The hundredth year


Hiding in the old Armenian-Jewish neighborhood, the little Armenian church was packed this morning. There are many more people than on a regular Sunday Mass. The southern region of Georgia, inhabited by Armenians, was not hit by the Genocide of 1915, but many survivors of the massacres in the Ottoman Empire fled here. Their descendants today commemorate, together with the Armenians scattered all over the world, that a hundred years ago, on 24 April 1915, 250 Armenian leaders were arrested in Constantinople, and thus began the extermination and expulsion of the several million strong Armenian population of the Ottoman Empire.

A twelve or thirteen year old girl comes to me, with huge dark eyes, calling me in very ornate English: “I want to ask you, Sir, what they think in Europe about what happened to us? Is there anyone who recognizes that there was an Armenian genocide?” “Of course, in Europe almost everyone recognizes it.” “Thank you very, very much, Sir,” she says in awe.

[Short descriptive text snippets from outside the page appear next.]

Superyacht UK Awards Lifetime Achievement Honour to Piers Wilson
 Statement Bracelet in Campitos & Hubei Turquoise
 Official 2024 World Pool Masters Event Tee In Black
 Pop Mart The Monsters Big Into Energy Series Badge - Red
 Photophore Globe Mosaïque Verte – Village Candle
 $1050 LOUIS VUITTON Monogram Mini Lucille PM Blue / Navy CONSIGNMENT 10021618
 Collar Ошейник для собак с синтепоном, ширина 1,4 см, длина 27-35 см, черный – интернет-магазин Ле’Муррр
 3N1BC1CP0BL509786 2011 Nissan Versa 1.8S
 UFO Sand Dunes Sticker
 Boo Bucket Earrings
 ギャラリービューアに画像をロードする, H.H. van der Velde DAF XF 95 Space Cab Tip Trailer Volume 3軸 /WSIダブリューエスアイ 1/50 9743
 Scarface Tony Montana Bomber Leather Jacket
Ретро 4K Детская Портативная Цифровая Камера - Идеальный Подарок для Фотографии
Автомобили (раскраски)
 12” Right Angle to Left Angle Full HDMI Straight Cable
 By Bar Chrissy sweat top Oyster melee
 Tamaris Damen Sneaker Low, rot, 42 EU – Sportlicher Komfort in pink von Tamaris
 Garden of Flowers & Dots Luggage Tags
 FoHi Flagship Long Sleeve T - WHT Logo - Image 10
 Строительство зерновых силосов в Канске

The old priest speaks long, calmly. I understand only snippets of the sermon, recited in the Armenian dialect of Akhaltsikhe: the names of countries, nations, persons, and the recurrent term metz yeghern, “the great crime”, as the Armenians call the Genocide. People are watching intently, nodding. “What did he talk about?” I ask at the end of the mass. “That we must not forget what happened, but we must rise above it, and must not hate the descendants of those who did this to us.”